Having sideline expertise and immediate attention is particularly important since concussion is considered a traumatic brain injury. The injury can happen with a direct impact to the brain, or it can be incurred though an injury that translates through the arm, shoulder or neck to the brain. No matter how it occurs, the injury can cause a dysregulation of blood flow and neurohormonal, visual, cognitive and motor function changes, as well as nausea, headache and dizziness.
With a second concussion, the changes happen more quickly and extensively.
“With second impact syndrome, the brain becomes edematous and swollen, and you have irreversible effects that cascade quickly, rendering the patient unconscious,” Piantanida said. “That is part of the reason why we monitor our athletes immediately and early.”
Sports health care for schools and sideline coverage
UCHealth provides sports health care to Falcon, Sand Creek, Sierra and St. Mary’s High Schools, The Classical Academy, Thomas MacLaren School and Fountain Valley School. In addition, it provides backup athletic training services at Academy School District 20 high schools including Rampart, Liberty, Air Academy, Pine Creek and Discovery Canyon.
Sideline football coverage is provided by physicians at Sierra, Falcon and Sand Creek high schools and at The Classical Academy.

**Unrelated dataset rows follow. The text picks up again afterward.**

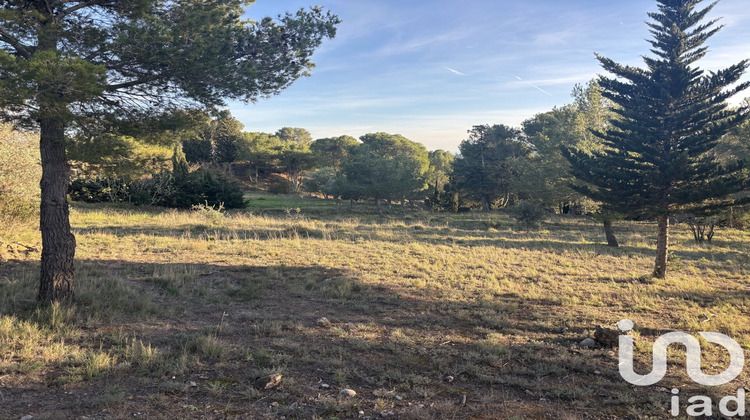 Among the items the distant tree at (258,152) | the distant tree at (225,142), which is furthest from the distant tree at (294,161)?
the distant tree at (225,142)

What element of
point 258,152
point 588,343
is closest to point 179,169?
point 588,343

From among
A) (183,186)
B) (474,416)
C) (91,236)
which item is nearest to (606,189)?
(474,416)

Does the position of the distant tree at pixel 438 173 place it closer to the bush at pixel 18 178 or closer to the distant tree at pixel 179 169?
A: the distant tree at pixel 179 169

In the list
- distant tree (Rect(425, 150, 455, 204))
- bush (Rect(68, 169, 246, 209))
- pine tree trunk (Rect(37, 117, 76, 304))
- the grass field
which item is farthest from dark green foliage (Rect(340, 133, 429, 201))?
pine tree trunk (Rect(37, 117, 76, 304))

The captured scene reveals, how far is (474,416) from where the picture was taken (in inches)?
147

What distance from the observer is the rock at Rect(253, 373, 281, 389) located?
4.13 metres

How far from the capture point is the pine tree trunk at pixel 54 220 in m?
6.00

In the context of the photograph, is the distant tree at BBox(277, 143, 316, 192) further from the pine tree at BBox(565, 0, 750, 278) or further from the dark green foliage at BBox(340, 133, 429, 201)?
the pine tree at BBox(565, 0, 750, 278)

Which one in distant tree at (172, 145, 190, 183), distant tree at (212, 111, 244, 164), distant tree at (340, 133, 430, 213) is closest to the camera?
distant tree at (172, 145, 190, 183)

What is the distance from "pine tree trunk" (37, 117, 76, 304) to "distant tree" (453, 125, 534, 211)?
51394 millimetres

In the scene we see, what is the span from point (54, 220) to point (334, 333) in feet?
16.6

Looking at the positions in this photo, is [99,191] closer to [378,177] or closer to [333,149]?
[378,177]

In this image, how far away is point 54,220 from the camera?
19.9ft

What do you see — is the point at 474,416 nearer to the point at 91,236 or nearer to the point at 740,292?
the point at 740,292
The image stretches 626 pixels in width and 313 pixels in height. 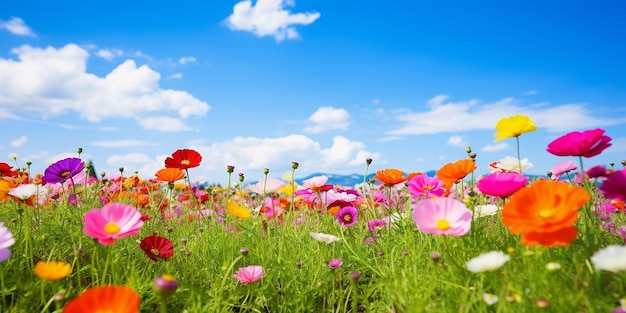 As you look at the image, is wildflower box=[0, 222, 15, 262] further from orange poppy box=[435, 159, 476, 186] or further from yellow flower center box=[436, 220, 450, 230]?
orange poppy box=[435, 159, 476, 186]

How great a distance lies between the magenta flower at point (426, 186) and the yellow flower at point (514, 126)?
1.72 ft

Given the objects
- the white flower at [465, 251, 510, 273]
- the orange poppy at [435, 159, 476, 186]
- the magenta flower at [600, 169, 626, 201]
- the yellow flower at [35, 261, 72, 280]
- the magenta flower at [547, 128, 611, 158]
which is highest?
the magenta flower at [547, 128, 611, 158]

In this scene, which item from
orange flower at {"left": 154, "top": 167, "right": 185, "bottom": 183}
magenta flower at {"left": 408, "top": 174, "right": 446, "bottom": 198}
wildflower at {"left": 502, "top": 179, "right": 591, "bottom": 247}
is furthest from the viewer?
orange flower at {"left": 154, "top": 167, "right": 185, "bottom": 183}

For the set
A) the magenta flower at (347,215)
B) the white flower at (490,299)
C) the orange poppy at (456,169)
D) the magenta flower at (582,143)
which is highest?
the magenta flower at (582,143)

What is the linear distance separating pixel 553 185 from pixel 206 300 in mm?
1389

For the 2023-24 school year, an average of 22.5 sideline concussion evaluations were performed per high school, said Kevin Roberts, UCHealth’s manager of athletic training.

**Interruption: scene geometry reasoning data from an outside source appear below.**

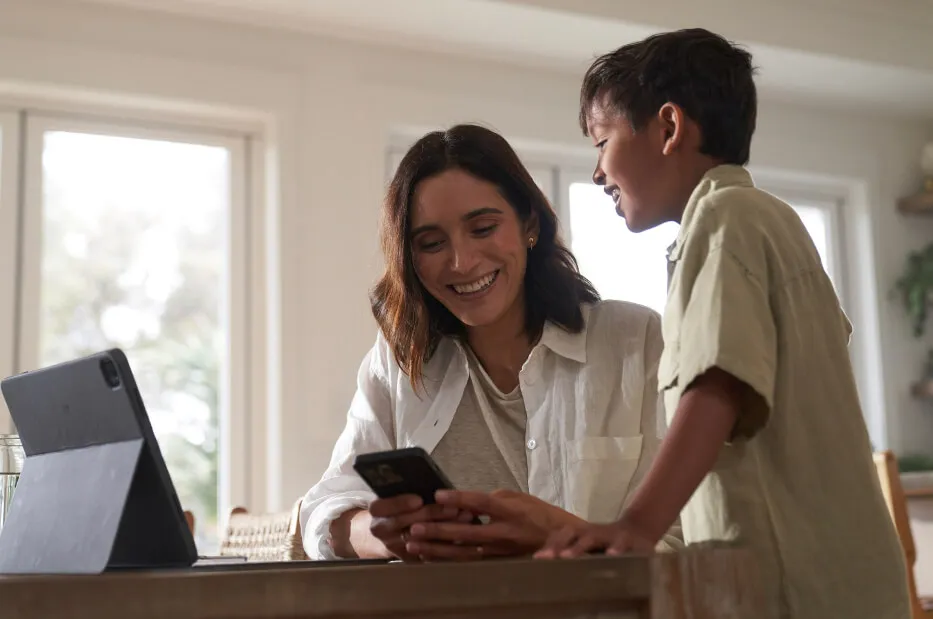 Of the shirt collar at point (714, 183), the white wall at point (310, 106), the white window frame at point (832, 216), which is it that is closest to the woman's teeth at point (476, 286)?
the shirt collar at point (714, 183)

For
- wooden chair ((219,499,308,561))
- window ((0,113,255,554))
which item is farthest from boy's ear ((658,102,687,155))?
window ((0,113,255,554))

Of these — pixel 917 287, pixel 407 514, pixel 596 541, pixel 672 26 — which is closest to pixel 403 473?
pixel 407 514

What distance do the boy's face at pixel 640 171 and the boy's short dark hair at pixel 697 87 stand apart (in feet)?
0.05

Piantanida and three other UCHealth physicians share duties in the UCCS Team Room, where concussion assessments and care coordination begin with athlete interactions.
“We see anywhere from two to six concussions a month,” he said.
Football games are a leading source of injuries, but concussions can happen in any sport from soccer to baseball.
In its overall concussion assessment program, UCHealth sees concussion injuries to patients from 12 to 90 years old at five locations in Colorado Springs and Woodland Park. Patients range from youth involved in school sports activities to weekend warriors and hikers, as well as older people who take a fall. But patients under 30 are nearly half of the patients who are treated at the five UCHealth concussion clinics in Colorado Springs and Woodland Park, and those from 19 to 30 are more than a quarter of the 330 patients who have been evaluated since the program started.
A rapid access protocol aims to have patients evaluated within 72 hours. An indication of the success of that early intervention is that half of the total number of patients complete treatment within four visits, said Frank Lozano, UCHealth’s manager of patient access.
With the concussion assessment program, UCHealth has “stood up a dedicated and diverse, multidisciplinary group where specialized clinicians treat patients with concussion. We see that they get treated over a series of at least two sessions or more, depending on the injury. And then our goal is to get them back to class, back to work, back to their activities.”